Question

How do you find parametric equations for the path of a particle that moves along the `x^2 + (y-3)^2 = 16` Three times around counterclockwise, starting at (4,3) 0 ≤ t ≤ 6pi?

Answer 1

`x = 4 cos t`
`y = 3 + 4 sin t`

Explanation:

`x^2 + (y-3)^2 = 16` is a circle centre (0,3), radius 4

for circular motion, polar co-ordinates are the way to go.

we need however to tweak the usual Origin based system, ie `x = r cos t, y = r sin t` where r = 4, because the circle is centred on (0,3)

[to be clear we will use t as the parameter instead of `varphi`, as the question demands, but it's just another letter so we do that trivially]

so our start point is

`x = 4 cos t`
`y = 3 + 4 sin t`

now for t = 0 this form already starts at (4,3) because that is `(4cos 0, 3 + 4sin 0 )` so we are good to go on that count

it has to rotate 3 times counterclockwise in `0 le t le 6 pi`.

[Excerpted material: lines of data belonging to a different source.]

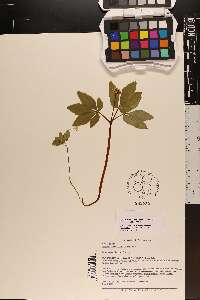 Panax trifolium image
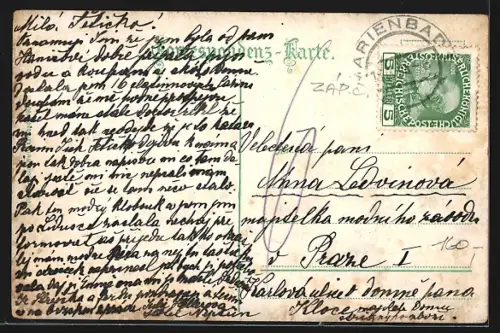 AK Marienbad, Blick von der Villa Waldidylle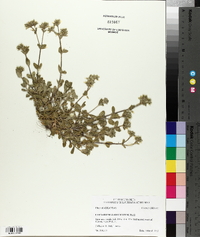 Cerastium glomeratum image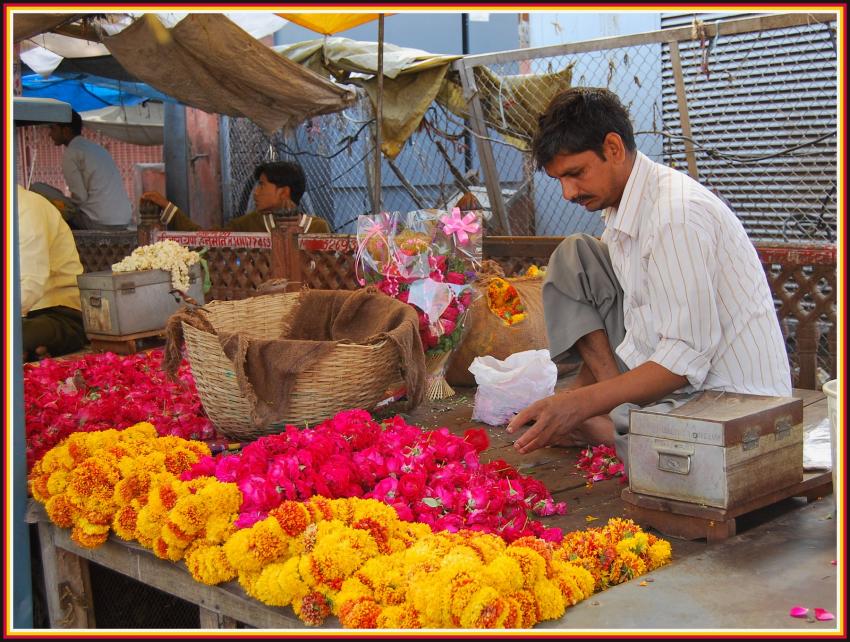 Marchand de fleurs à Jaipur (Rajasthan)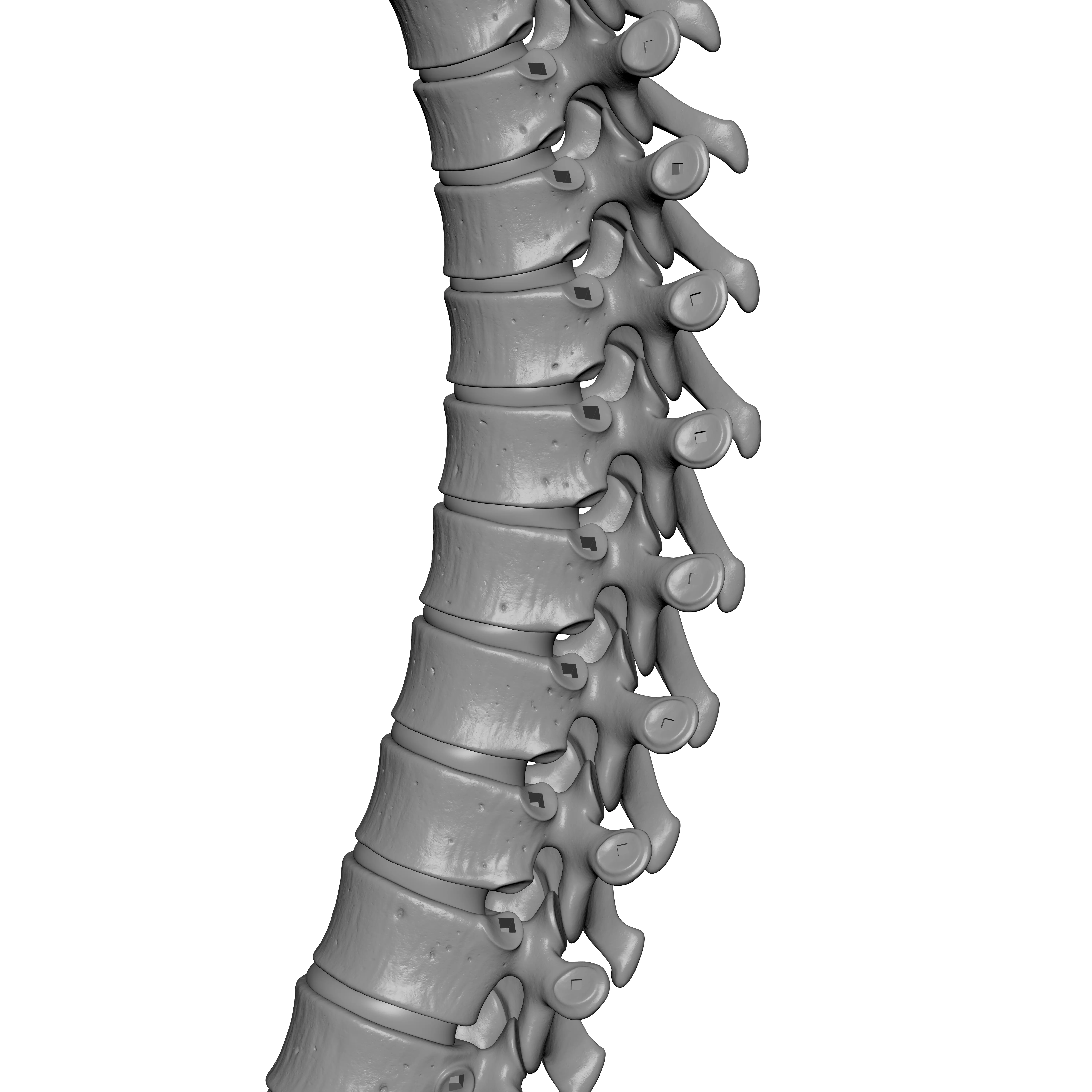 Human Spine - Vertebral Column 3D print model_9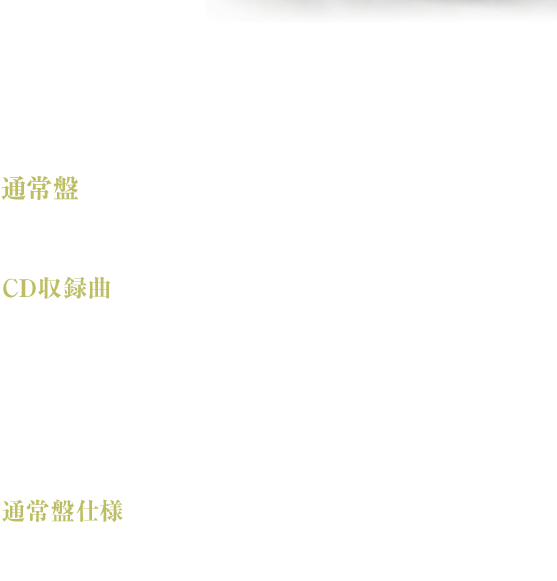 鏡花水月　The SHIGOTONIN （ジャニーズ・エンタテイメント）通常盤 JECN-0183　￥1,028（税込）　CD（全4曲）CD収録曲　M1:鏡花水月　M2:涙枯れるまで　M3:鏡花水月（オリジナル・カラオケ）　M4:涙枯れるまで（オリジナル・カラオケ）通常盤仕様　2面4Pジャケット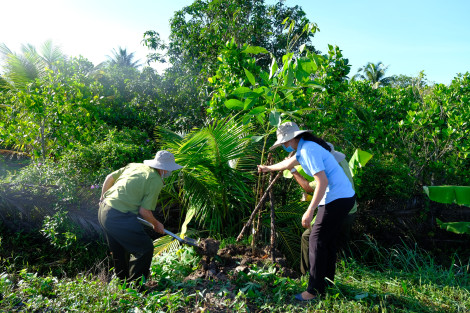 Quản lý hiệu quả tài nguyên, bảo vệ môi trường
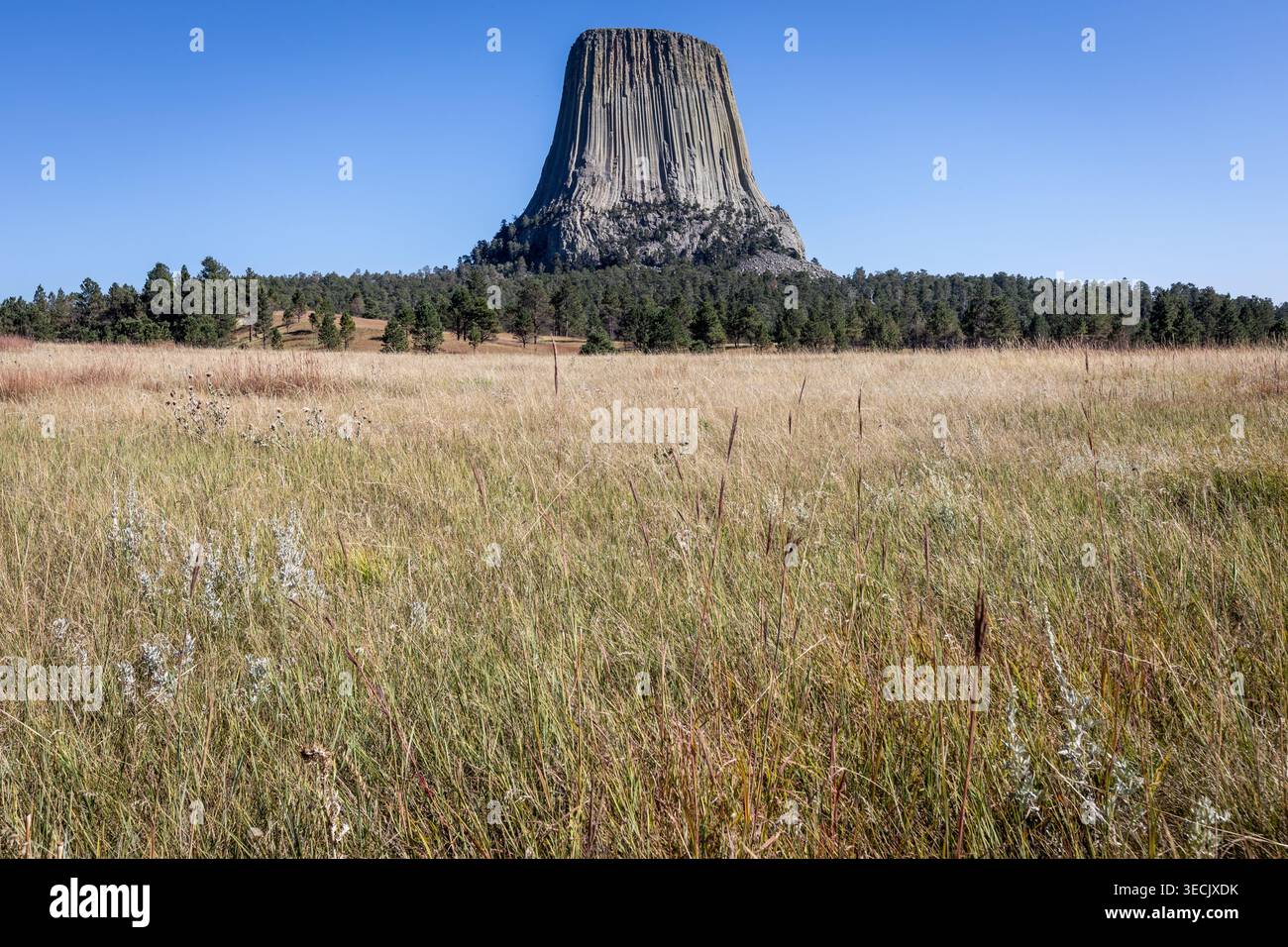 Devils Tower National Monument s'élevant au-dessus de Prairie Grass et Pi Banque D'Images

the usual period of the simplest polar parameterisation is `2 pi` for one full revolution reflecting the underlying sine and cosine functions .

so in that `3 times 2 pi` period, it will rotate 3 times.

plus in polar the usual `varphi` is measured counterclockwise with the x axis representing `varphi = 0` - see diagram above.